Root cause hypothesis: Chain mode accumulates technical debt across issues — a small failure in issue N breaks issue N+1. Worktree conflicts and merge issues compound.

Recommended action: Evaluate whether chain mode is worth the risk. Consider defaulting to parallel worktrees instead.

5. Spec Phase Failures (12 failures, 8.6% of spec runs)

Impact: MEDIUM — Spec failures prevent any work from starting. 12 spec failures out of 139 runs (8.6%) means roughly 1 in 12 issues can’t even begin.

Root cause: Likely GitHub API issues, context overflow on complex issues, or rate limits during issue fetch.
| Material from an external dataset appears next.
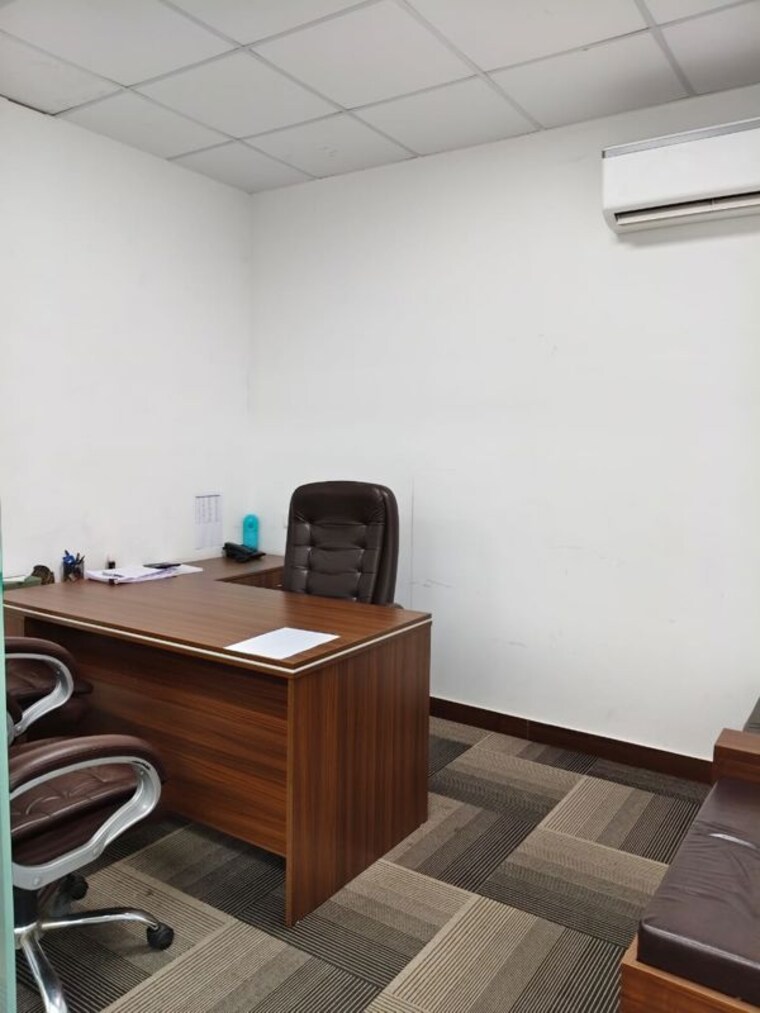 Kitchen, udyog vihar Commercial Office Space 4250 Sq.Ft. In Udyog Vihar Gurgaon 9845489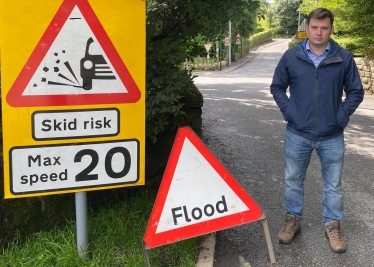 High Peak MP Visits residents affected by flooding in Chinley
Recommended action: Add retry logic to spec phase for transient failures.

Decision Framework (AC-7)

Finding	Category	Action Type	Priority	Est. Effort
Opaque tooling failures (60.6%)	Error handling	Code change (phase runner)	P1	Medium
Low first-pass QA rate (38.2%)	Workflow quality	Investigation + prompt change	P1	Large
Doc issues 42% success	Workflow fit	Config change (lighter pipeline)	P2	Small
Chain-mode 50% success	Feature design	Investigation + config	P2	Medium
Spec failures 8.6%	Reliability	Code change (retry logic)	P3	Small
No-verdict QA phases (44%)	Data quality	Code change (backfill)	P3	Small
Rate limits (5.6% of failures)	Infrastructure	Config (throttling)	P3	Small

Action Type Key

Code change: Modify TypeScript source (phase runner, stats, etc.)
Prompt change: Update skill SKILL.md prompts (spec, exec, qa)
Config change: Adjust default settings or workflow parameters
Investigation: Deeper analysis needed before prescribing a fix

QA Verdict Distribution

Verdict	Count	Percentage
no_verdict	59	44.0%
READY_FOR_MERGE	49	36.6%
AC_NOT_MET	13	9.7%
AC_MET_BUT_NOT_A_PLUS	11	8.2%
NEEDS_VERIFICATION	2	1.5%

Note: The high no_verdict rate (44%) is an artifact of early log versions before verdict tracking was implemented. Excluding no-verdict phases, the verdict distribution is: READY_FOR_MERGE 65.3%, AC_NOT_MET 17.3%, AC_MET_BUT_NOT_A_PLUS 14.7%, NEEDS_VERIFICATION 2.7%.

Temporal Trends

Success rate improved from 44% in week 1 to 79% in the most recent week, with a dip during weeks with more complex issues (Jan 26: 68%, Mar 16: 40%). Average duration increased as issues became more complex (11m early to 46m recent).

Segmentation by Label

Label	Issues	Success Rate	Avg Duration
bug	17	100%	10m 12s
planned	17	82%	8m 3s
cli	17	82%	17m 41s
enhancement	84	77%	15m 35s
auto-ready	16	88%	18m 37s
multi-agent	13	69%	22m 13s
documentation	12	42%	8m 44s

Key insight: Bug fixes are 100% successful — well-scoped, clear ACs, predictable changes. Multi-agent and documentation issues are most challenging.

Repeatable Analysis Approach (AC-10)

To re-run this analysis after workflow changes:

# Full human-readable report
npx tsx scripts/analytics/analyze-runs.ts

# JSON output for programmatic processing
npx tsx scripts/analytics/analyze-runs.ts --json

# Custom log directory
npx tsx scripts/analytics/analyze-runs.ts --path /path/to/logs

# Enhanced stats with detailed metrics
npx sequant stats --detailed

The analysis script loads all .sequant/logs/run-*.json files and computes:

Baselines — success rates, durations, chain vs single mode
Temporal trends — weekly buckets showing progression
QA analysis — verdict distribution and first-pass rate
Failure forensics — categorization by failure mode
Segmentation — per-label and per-issue-count breakdowns

Compare against this baseline report to measure the impact of optimizations.